Property developers are quitting planned Auckland building projects which would have locked them into building affordable homes as Auckland's average house price prepares to hit the $1 million mark.
Housing Minister Nick Smith told the Herald on Sunday that landowners in five Special Housing Areas (SHAs) had decided not to proceed under the previous fast-track process, which would have required 10 per cent of housing to be affordable.
The developers have instead opted to use provisions under the newly approved Unitary Plan which does not have the same affordable housing rule.
"There are five that have decided not to proceed with their SHA because they have effectively got a better deal through the unitary plan planning process," Smith said.
"Affordable" housing, is defined in the special housing area legislation as below 75 per cent of the city's median house price.
CoreLogic analyst Nick Goodall yesterday predicted the average Auckland house price would top the $1m mark when the next QV house price index figures are released on September 6.
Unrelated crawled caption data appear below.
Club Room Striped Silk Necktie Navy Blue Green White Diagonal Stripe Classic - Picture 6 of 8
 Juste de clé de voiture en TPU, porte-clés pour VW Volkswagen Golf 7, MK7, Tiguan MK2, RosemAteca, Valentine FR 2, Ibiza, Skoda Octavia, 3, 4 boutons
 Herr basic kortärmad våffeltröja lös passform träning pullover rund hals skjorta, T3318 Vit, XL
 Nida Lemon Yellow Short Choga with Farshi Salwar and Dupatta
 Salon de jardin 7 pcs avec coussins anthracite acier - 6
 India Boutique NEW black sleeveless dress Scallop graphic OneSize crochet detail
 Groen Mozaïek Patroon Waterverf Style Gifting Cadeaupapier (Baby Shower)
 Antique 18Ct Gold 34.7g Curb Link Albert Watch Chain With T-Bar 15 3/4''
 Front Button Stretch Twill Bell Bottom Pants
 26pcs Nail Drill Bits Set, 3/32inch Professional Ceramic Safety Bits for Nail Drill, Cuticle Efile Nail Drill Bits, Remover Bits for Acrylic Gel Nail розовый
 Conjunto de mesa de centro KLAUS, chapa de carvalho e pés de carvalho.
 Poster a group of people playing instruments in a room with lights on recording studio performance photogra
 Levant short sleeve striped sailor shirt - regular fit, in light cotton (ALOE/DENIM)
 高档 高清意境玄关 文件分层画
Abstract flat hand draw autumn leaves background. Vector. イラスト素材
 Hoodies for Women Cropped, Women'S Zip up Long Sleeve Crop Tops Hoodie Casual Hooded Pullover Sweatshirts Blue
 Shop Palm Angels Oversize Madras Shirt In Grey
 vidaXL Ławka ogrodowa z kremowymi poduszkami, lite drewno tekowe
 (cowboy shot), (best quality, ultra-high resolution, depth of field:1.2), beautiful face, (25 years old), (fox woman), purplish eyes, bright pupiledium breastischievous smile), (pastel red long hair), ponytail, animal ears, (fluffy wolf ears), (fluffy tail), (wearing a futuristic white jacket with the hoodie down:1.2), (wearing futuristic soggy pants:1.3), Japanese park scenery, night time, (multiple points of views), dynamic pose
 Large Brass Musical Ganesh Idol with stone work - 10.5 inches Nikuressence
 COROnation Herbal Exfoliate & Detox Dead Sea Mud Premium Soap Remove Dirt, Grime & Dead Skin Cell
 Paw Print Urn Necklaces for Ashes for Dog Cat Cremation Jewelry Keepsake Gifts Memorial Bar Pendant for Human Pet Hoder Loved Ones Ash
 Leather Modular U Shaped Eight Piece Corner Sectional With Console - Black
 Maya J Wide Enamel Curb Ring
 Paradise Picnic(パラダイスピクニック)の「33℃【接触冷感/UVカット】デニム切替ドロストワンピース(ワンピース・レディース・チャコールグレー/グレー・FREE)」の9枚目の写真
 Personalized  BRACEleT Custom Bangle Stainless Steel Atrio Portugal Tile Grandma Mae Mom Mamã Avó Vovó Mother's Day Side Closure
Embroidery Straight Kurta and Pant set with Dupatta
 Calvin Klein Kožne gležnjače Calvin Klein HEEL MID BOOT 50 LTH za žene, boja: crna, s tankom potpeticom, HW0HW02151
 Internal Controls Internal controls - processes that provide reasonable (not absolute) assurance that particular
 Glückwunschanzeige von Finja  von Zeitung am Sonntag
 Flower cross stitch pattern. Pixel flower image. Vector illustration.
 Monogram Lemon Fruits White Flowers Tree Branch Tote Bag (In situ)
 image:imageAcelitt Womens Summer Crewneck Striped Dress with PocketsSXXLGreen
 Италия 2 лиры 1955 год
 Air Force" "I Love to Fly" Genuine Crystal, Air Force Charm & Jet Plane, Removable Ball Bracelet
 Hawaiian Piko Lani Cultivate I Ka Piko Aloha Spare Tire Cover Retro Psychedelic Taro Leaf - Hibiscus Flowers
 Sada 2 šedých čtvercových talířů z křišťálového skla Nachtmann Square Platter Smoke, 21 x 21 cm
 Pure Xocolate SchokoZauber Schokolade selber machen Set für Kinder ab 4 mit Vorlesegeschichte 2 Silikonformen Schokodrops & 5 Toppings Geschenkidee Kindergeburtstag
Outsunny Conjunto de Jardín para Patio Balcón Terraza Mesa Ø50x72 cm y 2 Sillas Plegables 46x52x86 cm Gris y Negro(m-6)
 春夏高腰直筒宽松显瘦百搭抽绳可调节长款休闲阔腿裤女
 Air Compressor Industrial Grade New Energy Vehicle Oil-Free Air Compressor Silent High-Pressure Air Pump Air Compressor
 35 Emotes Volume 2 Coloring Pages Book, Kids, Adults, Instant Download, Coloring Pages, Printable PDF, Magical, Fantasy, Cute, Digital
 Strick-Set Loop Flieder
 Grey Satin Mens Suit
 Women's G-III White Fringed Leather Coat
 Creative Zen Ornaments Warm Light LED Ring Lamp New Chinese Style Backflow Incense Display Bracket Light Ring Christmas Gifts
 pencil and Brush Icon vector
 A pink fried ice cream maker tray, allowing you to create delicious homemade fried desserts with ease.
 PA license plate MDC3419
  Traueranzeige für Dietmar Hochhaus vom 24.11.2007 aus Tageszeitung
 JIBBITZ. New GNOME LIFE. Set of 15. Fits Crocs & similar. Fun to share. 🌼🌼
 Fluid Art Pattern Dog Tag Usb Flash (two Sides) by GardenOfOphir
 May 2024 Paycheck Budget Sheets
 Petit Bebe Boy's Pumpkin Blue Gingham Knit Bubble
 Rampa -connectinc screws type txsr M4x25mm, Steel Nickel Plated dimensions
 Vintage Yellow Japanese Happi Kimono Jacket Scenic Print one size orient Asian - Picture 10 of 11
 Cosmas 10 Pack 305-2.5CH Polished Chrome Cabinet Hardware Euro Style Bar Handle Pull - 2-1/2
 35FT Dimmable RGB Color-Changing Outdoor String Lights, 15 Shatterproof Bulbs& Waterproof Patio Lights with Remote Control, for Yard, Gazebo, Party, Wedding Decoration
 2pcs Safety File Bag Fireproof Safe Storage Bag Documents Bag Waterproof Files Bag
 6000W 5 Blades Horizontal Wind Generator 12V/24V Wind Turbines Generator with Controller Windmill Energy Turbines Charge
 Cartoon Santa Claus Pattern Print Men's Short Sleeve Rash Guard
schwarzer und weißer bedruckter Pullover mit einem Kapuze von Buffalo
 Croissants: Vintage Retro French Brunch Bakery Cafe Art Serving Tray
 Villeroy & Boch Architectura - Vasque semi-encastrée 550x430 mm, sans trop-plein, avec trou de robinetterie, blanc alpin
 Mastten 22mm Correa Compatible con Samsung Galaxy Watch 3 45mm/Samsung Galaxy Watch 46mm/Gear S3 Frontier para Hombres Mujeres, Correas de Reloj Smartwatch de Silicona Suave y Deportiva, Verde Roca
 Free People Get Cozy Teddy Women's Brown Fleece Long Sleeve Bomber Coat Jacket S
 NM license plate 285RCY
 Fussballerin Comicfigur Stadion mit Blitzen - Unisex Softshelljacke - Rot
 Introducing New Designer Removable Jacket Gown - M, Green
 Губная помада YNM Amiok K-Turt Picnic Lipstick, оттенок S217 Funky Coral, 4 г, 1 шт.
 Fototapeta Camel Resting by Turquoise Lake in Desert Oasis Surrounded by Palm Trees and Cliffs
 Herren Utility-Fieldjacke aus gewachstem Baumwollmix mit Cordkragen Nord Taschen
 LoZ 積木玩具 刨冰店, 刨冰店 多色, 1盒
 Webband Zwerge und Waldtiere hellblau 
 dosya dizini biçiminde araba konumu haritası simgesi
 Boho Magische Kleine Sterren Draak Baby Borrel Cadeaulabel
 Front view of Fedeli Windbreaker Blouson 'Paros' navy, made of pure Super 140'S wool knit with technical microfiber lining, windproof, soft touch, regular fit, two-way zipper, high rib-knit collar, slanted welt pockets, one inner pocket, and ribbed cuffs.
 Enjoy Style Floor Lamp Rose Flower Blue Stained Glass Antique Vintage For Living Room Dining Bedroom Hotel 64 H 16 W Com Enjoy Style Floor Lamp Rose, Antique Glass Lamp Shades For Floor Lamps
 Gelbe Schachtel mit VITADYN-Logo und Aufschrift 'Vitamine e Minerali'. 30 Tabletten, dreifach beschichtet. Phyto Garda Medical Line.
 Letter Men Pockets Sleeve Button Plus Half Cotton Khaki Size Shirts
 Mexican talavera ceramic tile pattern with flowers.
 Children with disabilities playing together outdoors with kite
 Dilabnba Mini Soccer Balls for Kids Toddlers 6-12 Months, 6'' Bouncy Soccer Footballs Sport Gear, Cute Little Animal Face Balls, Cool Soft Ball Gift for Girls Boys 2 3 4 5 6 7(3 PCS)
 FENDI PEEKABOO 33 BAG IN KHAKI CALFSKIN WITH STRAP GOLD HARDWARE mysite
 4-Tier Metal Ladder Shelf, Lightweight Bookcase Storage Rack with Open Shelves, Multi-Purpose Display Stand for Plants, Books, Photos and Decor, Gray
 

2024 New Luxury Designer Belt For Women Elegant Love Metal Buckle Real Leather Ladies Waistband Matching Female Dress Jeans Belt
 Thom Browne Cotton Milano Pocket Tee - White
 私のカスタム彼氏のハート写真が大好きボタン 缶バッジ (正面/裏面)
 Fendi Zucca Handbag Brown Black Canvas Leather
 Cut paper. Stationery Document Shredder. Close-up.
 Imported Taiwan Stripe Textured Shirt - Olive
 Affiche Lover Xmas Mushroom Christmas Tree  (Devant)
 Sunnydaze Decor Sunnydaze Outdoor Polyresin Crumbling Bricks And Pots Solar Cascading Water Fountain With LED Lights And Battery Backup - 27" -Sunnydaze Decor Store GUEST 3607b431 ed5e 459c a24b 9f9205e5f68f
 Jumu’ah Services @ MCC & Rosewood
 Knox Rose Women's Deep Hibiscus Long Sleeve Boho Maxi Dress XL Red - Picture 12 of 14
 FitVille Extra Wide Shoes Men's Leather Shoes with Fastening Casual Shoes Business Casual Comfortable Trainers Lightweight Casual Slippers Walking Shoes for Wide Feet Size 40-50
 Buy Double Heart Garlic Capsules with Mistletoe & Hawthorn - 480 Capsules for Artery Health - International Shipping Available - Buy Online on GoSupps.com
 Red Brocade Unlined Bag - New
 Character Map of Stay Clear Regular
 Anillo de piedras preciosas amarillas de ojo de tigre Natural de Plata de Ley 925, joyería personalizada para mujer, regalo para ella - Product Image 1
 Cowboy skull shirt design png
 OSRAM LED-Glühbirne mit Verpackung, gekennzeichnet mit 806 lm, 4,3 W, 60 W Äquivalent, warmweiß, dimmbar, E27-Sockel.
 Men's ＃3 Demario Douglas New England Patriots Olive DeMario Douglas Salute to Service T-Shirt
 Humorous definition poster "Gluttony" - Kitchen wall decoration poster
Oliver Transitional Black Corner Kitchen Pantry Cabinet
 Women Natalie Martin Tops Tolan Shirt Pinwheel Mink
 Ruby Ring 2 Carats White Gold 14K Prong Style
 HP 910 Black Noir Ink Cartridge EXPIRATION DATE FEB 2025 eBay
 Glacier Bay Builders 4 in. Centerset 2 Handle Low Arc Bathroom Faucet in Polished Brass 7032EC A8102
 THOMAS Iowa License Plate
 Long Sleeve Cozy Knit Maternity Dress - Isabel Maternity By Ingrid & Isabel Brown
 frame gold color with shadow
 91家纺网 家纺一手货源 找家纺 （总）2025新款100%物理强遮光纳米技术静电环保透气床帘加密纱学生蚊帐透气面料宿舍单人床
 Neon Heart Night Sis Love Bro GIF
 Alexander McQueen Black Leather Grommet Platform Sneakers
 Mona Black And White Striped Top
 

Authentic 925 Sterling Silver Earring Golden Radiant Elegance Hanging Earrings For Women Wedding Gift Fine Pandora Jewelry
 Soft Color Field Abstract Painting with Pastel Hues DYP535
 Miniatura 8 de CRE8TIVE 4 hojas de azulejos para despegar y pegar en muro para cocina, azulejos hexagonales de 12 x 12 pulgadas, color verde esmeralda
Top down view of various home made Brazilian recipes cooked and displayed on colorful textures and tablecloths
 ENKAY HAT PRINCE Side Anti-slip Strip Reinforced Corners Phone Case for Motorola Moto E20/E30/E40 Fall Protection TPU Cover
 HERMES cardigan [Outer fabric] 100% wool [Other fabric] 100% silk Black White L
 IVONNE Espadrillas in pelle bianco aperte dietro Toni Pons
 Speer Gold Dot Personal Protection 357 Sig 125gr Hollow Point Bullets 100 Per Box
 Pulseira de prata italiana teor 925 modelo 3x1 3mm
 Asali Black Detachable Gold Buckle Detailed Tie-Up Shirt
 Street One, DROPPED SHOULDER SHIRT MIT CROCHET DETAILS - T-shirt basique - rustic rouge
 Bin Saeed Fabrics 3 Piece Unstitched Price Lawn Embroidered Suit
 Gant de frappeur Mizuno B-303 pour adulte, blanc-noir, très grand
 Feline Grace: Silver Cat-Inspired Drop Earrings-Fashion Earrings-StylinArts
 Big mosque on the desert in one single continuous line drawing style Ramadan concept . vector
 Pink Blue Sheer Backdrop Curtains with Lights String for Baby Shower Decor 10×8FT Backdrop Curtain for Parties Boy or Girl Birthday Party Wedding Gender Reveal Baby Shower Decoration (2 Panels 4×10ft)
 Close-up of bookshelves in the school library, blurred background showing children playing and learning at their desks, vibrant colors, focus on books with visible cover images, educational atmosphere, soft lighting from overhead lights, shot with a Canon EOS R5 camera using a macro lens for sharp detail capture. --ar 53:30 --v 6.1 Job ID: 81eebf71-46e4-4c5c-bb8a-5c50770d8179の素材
"It was $975,000 in June and $992,000 in July, so I think it's safe to assume it will be more than $1 million in August," he said.
Labour housing spokesman Phil Twyford said the fact that developers were walking away from the SHAs showed that they had been "a spectacular flop".
"Why would they stay with the SHAs when they can make more profit by getting out of that and not having to build affordable homes?" he said.
But Smith said the SHAs were always seen as a temporary measure to kick-start new housing projects while the unitary plan was being debated, and the law provided for them to be disestablished on September 16.
"Then the council has the consideration, if that area was a SHA and was zoned residential, does the landowner have the capacity to withdraw their qualifying development application under the SHA and lodge a new application after September 16 based on the unitary plan," he said.
"There are other people that are choosing to do that because the zoning that has been determined by the independent hearings panel is more advantageous for them than the zoning under the SHA status."
Smith said 129 of the city's 154 SHAs had either completed some houses (26), started earthworks (15) or applied for resource consents or plan changes (88) by the end of June, up from 75 in the council's last published update to March 31.
That left only 25 SHAs, down from 79 in March, which had not yet applied for consents, and 16 of those had only been approved as SHAs this year.
Some developers said they had abandoned some SHA proposals only because they had not been able to get the necessary finance and other resources together in time.
John Dare, a consultant for developers in four SHAs, said his clients had decided not to seek consents for a proposed 66-unit project on the site of the Brownzy Sports Bar in Browns Bay because they were fully extended developing an initial 62 townhouses and apartments on the Poenamo Hotel site in Northcote.
He said 10 per cent of the Poenamo units would be within the affordable limit, and "a large portion" of a 125-unit project next to the Southgate shops in Takanini would be affordable.
Former Conservative Party leader Colin Craig, who is developing the 40 or 50-unit Ozone Apartments in Stanmore Bay, said he hoped a majority of units there would be affordable.
Stevenson Group chief executive Mark Franklin, whose company proposes 800 homes at Drury, and Daniel Nakhle, who is developing SHAs at Papakura and Clarks Beach, both said they would meet the 10 per cent affordable housing requirement.